Reb Mlevinmd@aol.com wrote:
> You are right but only if you restrict your survey of Jewish interpretation
> to a narrow slice of commentators.

The major Rishonim such as Ramban, along with well known a'haronim,
such as Malbim and Abravanel, can hardly be ignored. Plus, they write
clearly, so that we have the feeling we pretty much know what they are
talking about.

> If you include midrash, chssidic
> lterature and kabbalistic commentaries, you will find no focus on Pshat
> and, in fact, the sensibility that I described.

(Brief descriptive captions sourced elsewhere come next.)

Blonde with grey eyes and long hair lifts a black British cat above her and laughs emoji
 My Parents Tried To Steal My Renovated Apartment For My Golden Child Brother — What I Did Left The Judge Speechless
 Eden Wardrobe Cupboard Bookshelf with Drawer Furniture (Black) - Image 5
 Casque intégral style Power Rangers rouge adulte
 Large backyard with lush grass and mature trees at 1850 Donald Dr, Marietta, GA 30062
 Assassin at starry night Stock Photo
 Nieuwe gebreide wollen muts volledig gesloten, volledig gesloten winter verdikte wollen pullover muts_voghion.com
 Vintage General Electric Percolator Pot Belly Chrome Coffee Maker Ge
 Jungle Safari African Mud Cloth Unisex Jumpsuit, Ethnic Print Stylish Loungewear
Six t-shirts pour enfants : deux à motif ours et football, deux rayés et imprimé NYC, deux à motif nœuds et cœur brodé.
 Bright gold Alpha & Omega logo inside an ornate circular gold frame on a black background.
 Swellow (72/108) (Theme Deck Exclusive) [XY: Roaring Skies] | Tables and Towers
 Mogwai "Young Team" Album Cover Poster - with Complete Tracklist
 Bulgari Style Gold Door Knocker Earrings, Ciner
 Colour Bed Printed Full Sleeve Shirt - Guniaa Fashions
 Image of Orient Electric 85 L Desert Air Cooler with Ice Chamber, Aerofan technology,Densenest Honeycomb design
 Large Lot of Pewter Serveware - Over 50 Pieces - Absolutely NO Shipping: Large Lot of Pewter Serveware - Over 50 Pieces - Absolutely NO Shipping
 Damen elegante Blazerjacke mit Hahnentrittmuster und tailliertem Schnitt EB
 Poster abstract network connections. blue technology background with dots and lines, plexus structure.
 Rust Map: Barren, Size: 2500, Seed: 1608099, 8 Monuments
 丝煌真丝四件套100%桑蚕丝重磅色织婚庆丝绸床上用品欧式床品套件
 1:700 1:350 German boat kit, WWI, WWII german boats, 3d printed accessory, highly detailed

One is never very sure of what a midrash means because there are so many
ways to interpret midrash. The literature simply says too little about
itself and is actually a collection of essays by many people, so that
there is too little material per person to become too sure about how to
interpret it. Kabbalistic literature is even more difficult, in that
we often know that they are intentionally vague about certain things,
and in that those who are less reticent do give us a different worldview,
different from what either you or any other poster has described in this
thread. I would venture to say that your statement rings most true about
late Eastern European literature, i.e. 'Hassidic writings and works like
those of the Gaon of Vilna, the Ha'ameq Davar AFAIK, and perhaps also
the post Ari kabbalistic works.

> That is the rule, not the
> exception. The question then is: Why did some focus on pshat and made
> distinctions between it and drash. The Academic answer to that is that this
> approach represents a paticualr school ofthought that arose in response to
> other movements or intellectual processes. My answer is that methodological
> rigor is important so that you understand on what level you operate; once
> you learn what is pshat and what is drash, both are truth.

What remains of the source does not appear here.